It’s Melbourne Festival time again and as the CBD is taken over by gigantic demonic (and angelic) babies, as well as other assorted festival paraphenalia, I thought that we’d have a mini festival-of-festivals.
Since its birth in 1986 as a branch of the Spoleto Festival, Melbourne’s own arts festival has firmly secured its place on the international calendar, and this short history outlines its remarkably adventurous first 20 years. Looking back over some of the programmes brings back many fond memories of times spent in theatres, concert halls, churches and many other less conventional venues. Some of my own personal highlights: Nigel Triffit’s Fall of Singapore, William Christie and Les Arts Florissants performing Purcell and Charpentier. and that wild Bach year curated by Jonathan Mills, currently artistic-director of the Edinburgh Festival. And we mustn’t forget The Adelaide Festival of the Arts, still going strong after over 50 years, and still considered one of the most important cultural events worldwide.
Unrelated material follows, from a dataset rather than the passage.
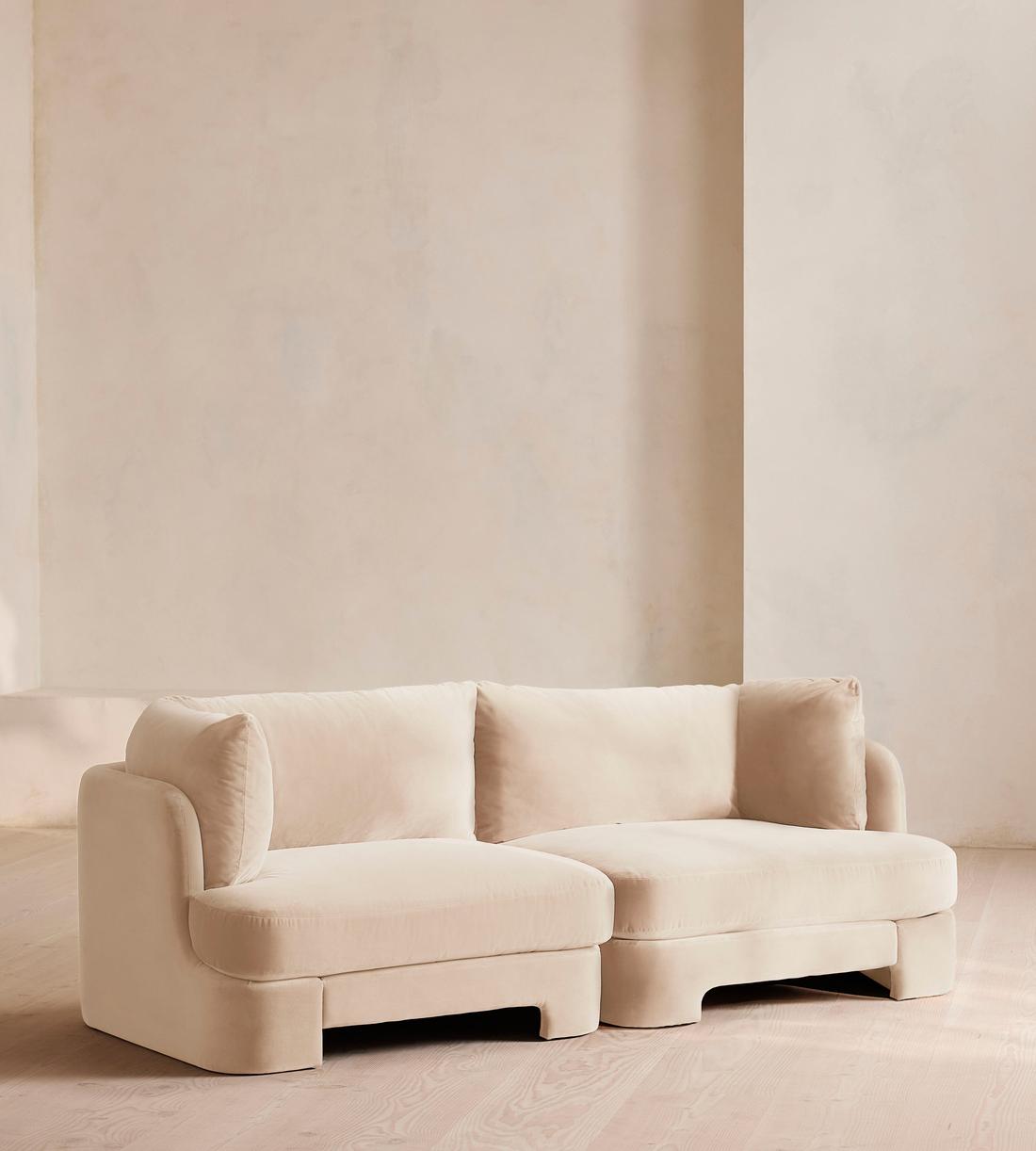 Odell Modular Sofa - Three Seater - Velvet - Porcelain - Listing - Image 1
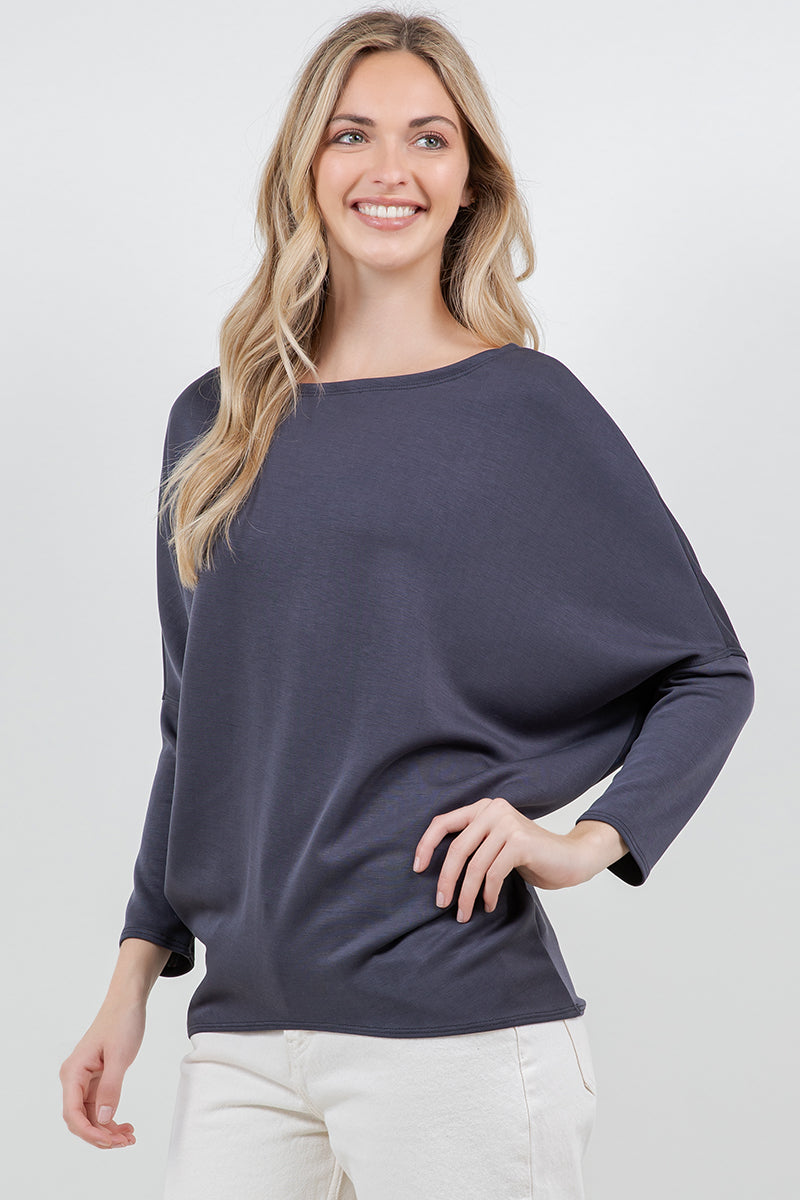 Jolie Scuba Slouch Top (Graphite)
The London Proms remains one of the largest music festivals in the world, and this recent book examines not just its history but also its audience (known as “prommers”) as well as its ever changing character. The famous “last night” gets lots of attention, and the list of musicians who have appeared over its many years is a virtual who’s-who of classical music; including great Welsh dramatic-soprano Gwyneth Jones who rips into Rule Britannia on this YouTube clip from 1991.
Just look at some of the names that Australia’s Big Day Out rock music festival has attracted since its inception in 1992: Nirvana, Blink 182, Muse, Violent Femmes, Iggy Pop and the Stooges, The Ramones, Soundgarden, Marilyn Manson, Foo Fighters, Metallica, Neil Young, Red Hot Chili Peppers, Silverchair, Powderfinger, You Am I, The Living End, Jebediah, Grinspoon, Nick Cave and the Bad Seeds, Wolfmother, etc., etc., etc. Enough said! See if you can find yourself in this photographic celebration of what has become a really big day out.
The grandaddy of all arts festivals would have to be the Edinburgh Festival, inaugurated in 1947 as a demonstration of optimism after the trauma of the second world war. It remains at the very top of what has become a very large mountain of festivals!
As usual leaving the best till last, Moomba. Now that’s a festival!